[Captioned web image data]
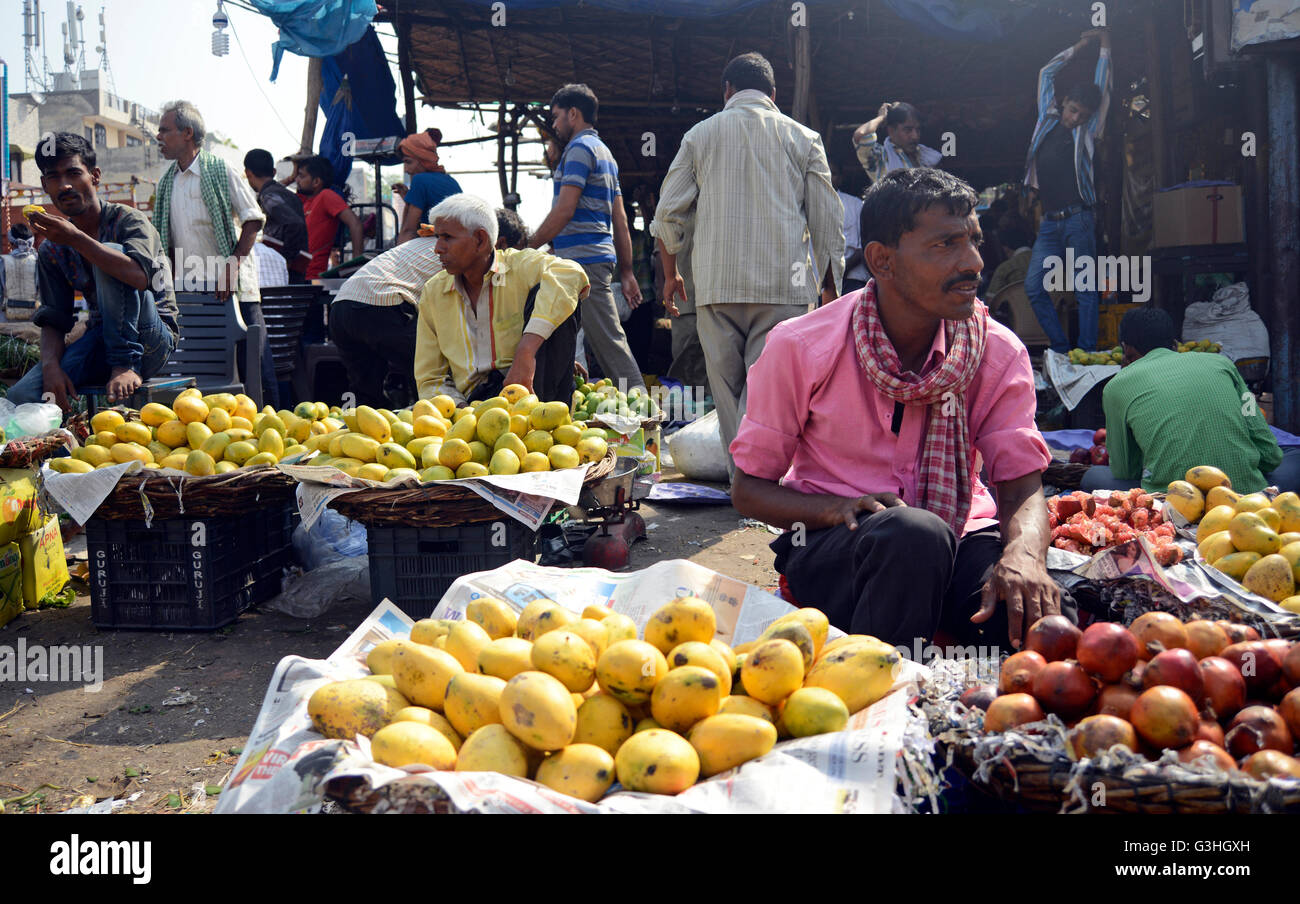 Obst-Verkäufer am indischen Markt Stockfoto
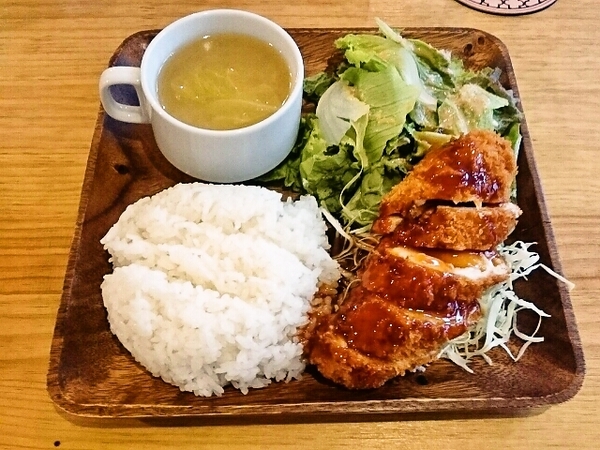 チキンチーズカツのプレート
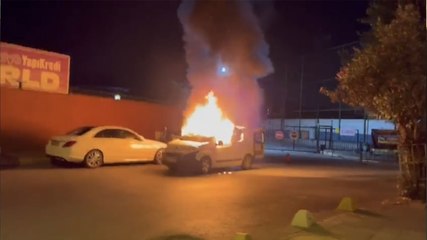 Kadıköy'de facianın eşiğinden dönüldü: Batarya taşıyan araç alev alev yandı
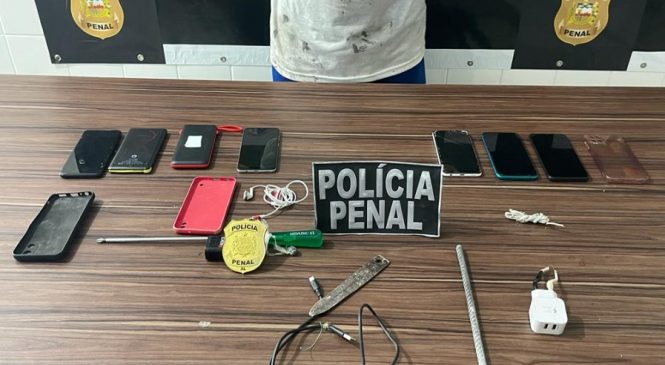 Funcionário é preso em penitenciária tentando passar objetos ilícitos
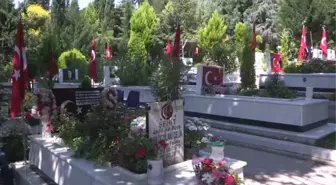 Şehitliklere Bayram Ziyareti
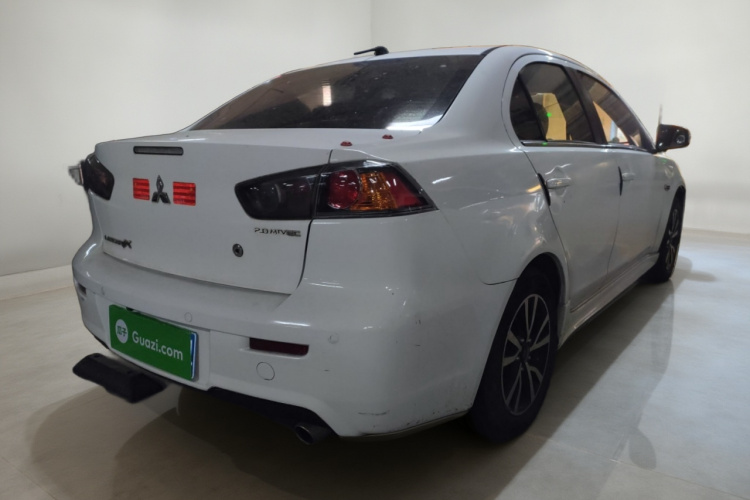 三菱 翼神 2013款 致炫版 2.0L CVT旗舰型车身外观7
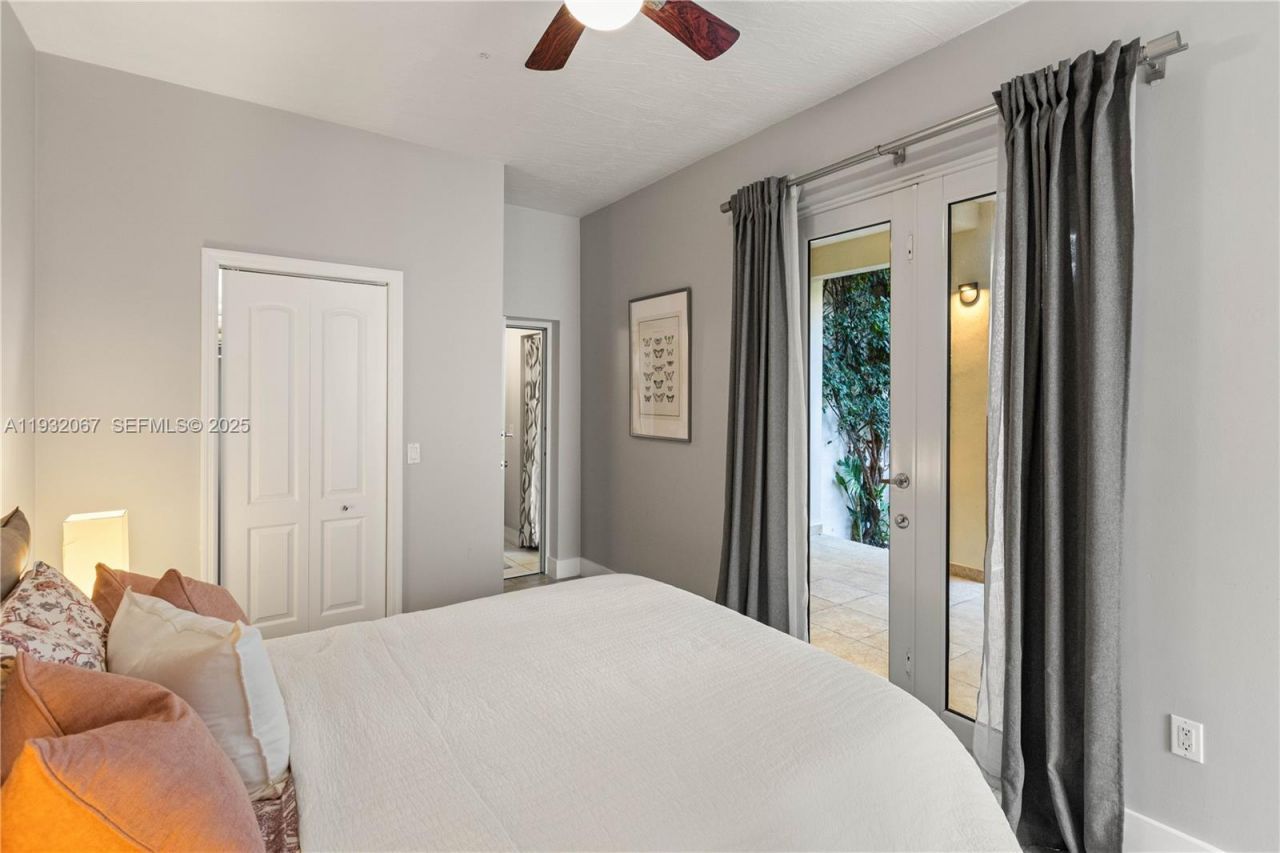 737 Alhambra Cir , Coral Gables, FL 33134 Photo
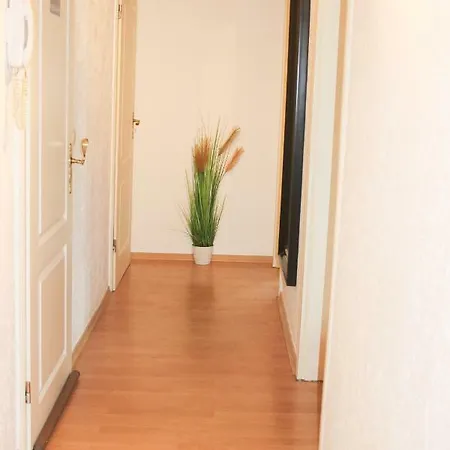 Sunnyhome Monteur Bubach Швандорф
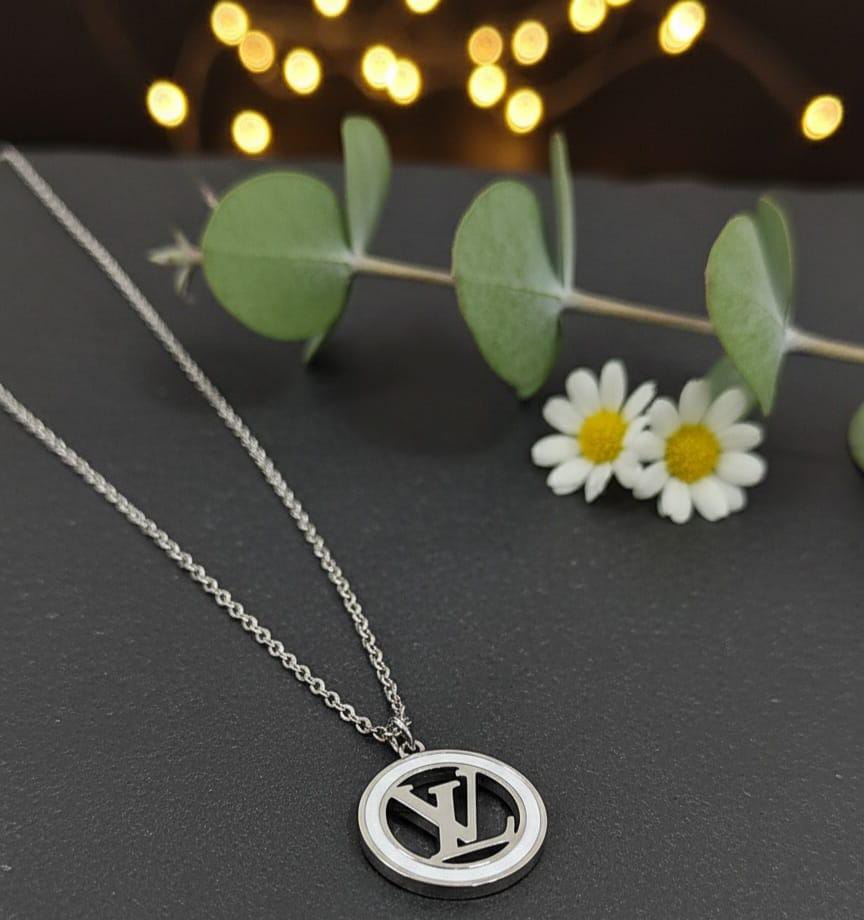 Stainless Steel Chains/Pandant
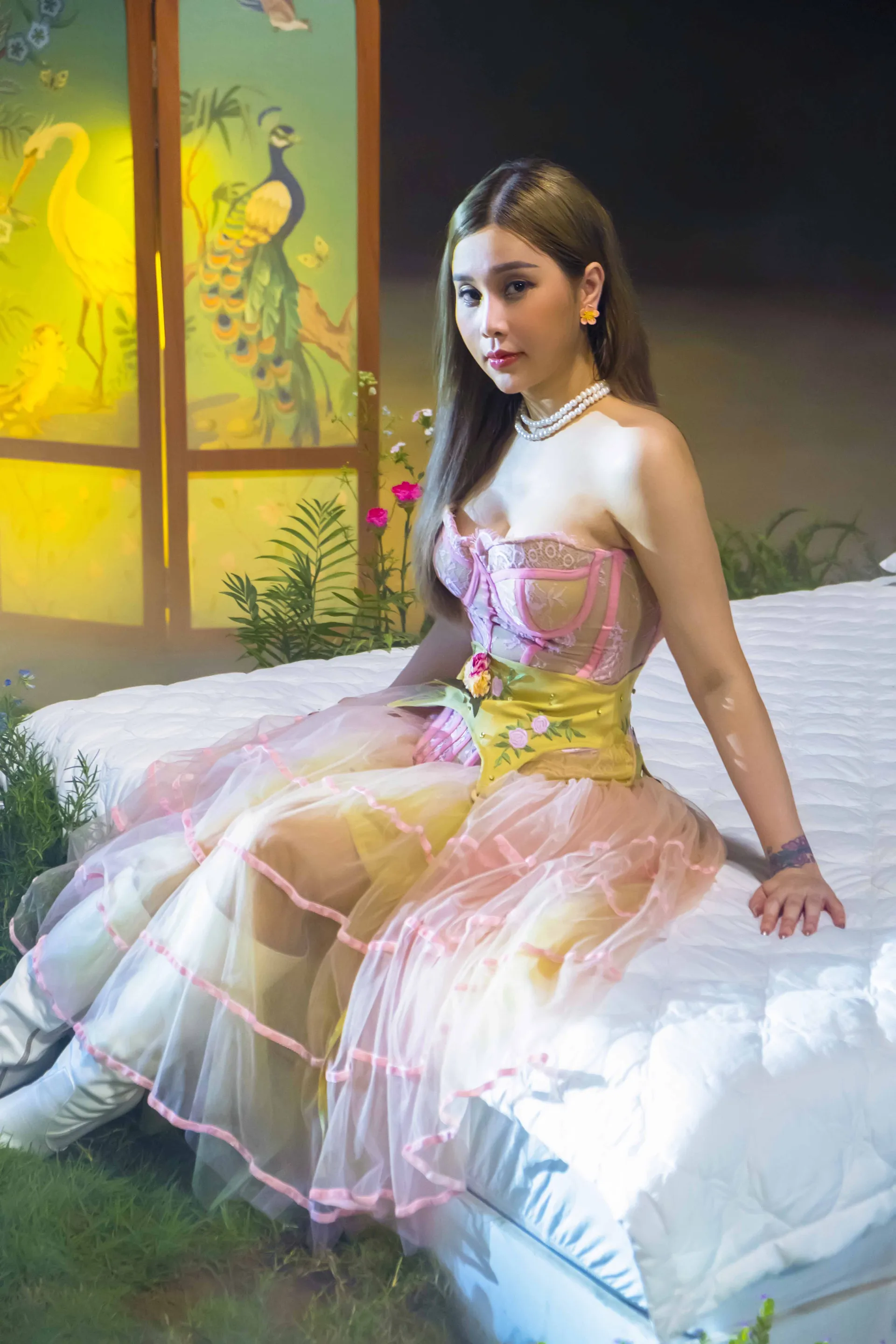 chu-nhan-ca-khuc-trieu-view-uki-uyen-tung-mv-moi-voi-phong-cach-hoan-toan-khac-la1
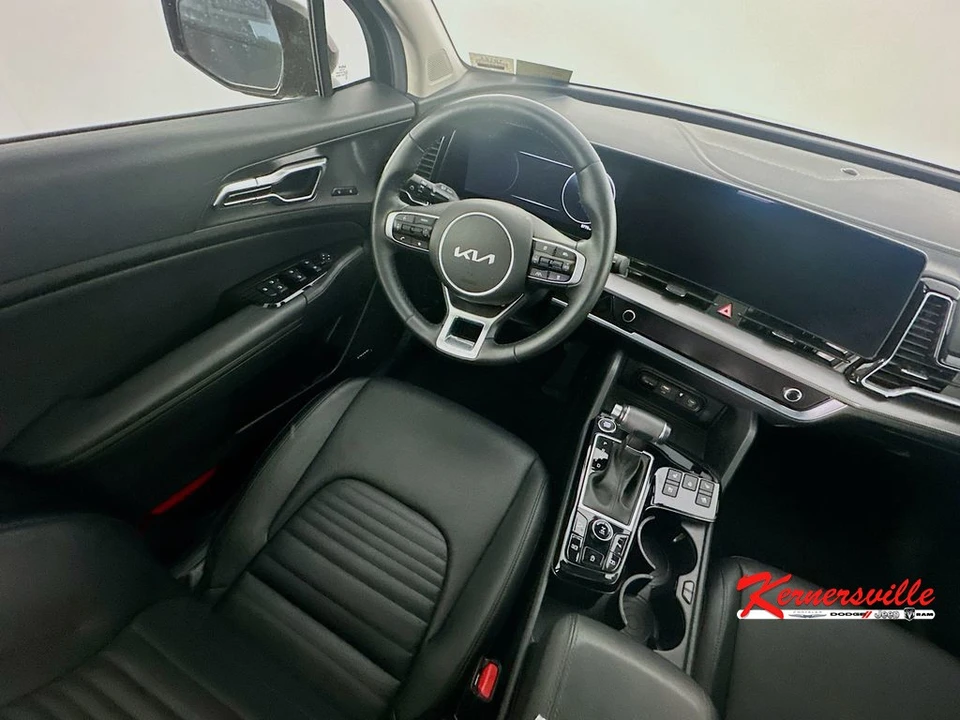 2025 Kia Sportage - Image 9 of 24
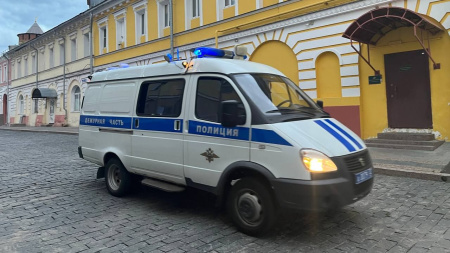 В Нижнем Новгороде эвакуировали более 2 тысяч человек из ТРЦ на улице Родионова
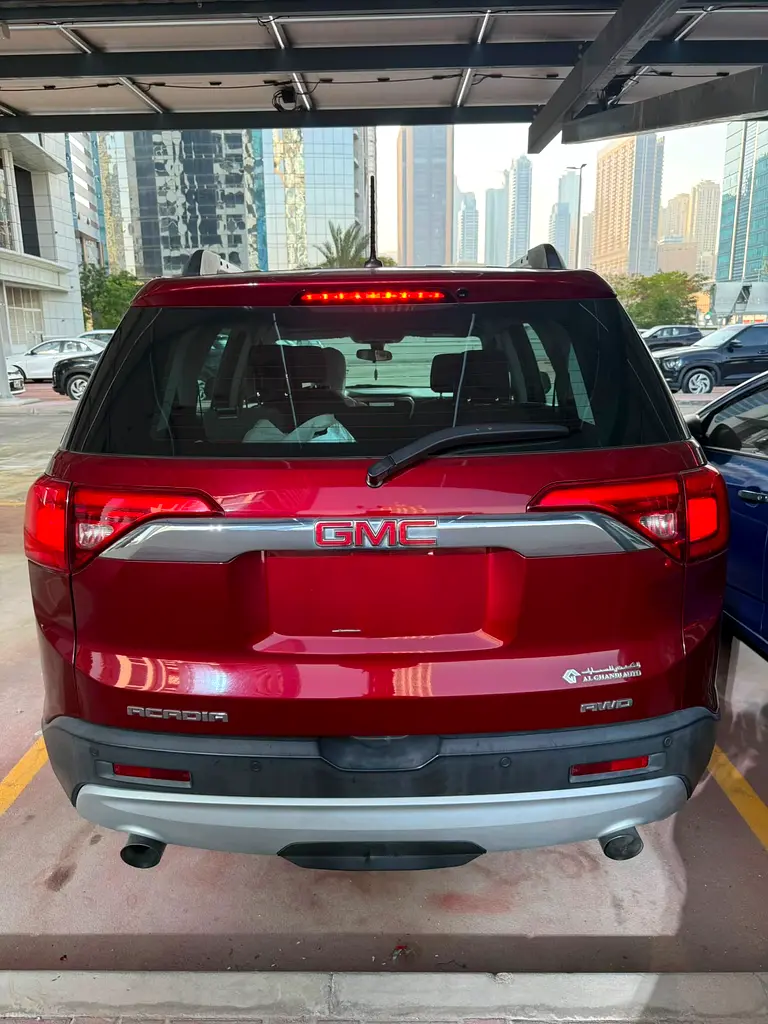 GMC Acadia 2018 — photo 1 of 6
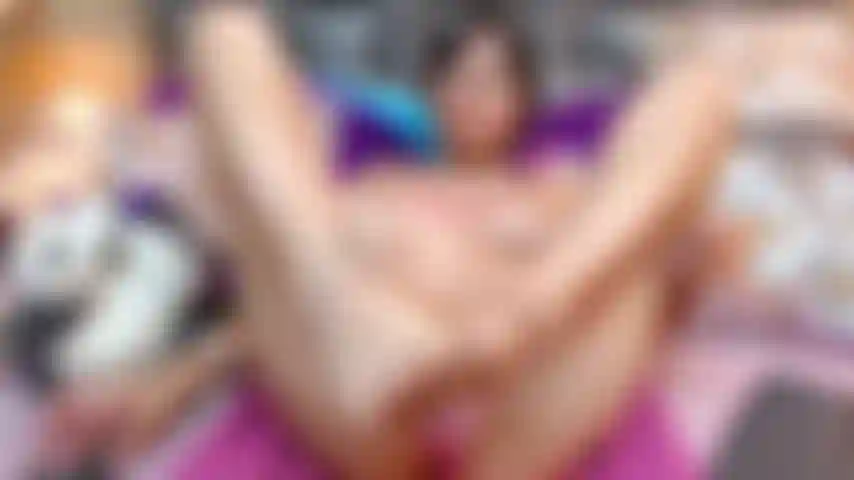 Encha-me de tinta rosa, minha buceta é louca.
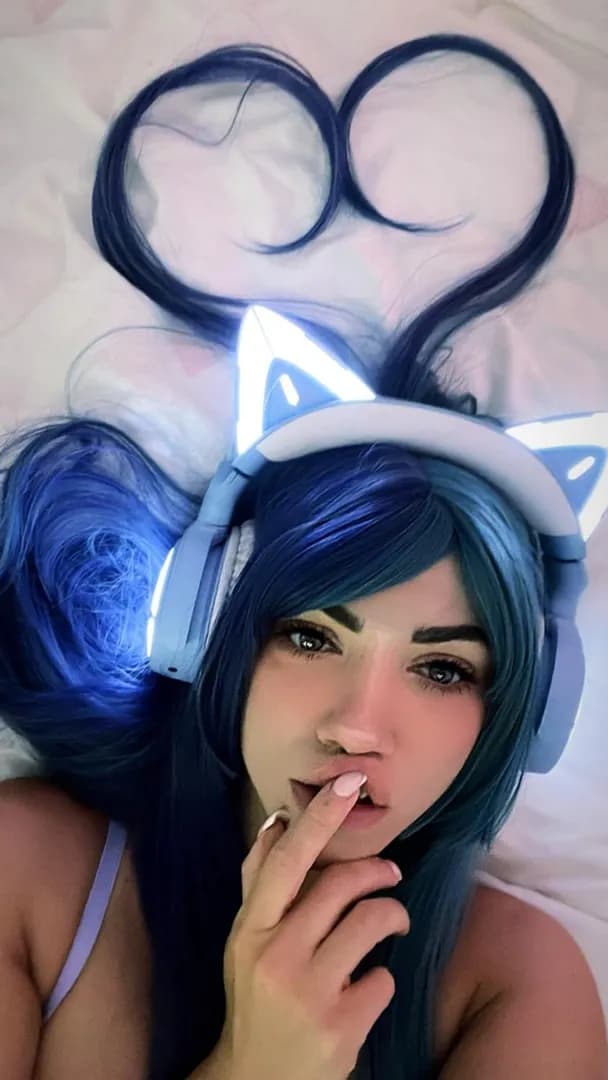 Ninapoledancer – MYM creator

◆ What you have to do: Starting from the line containing "GMC Acadia 2018 — photo 1 of 6", repeat each line exactly through the end of the entries, including the last, while leaving pictures out.

◆ Output:
 GMC Acadia 2018 — photo 1 of 6
 Encha-me de tinta rosa, minha buceta é louca.
 Ninapoledancer – MYM creator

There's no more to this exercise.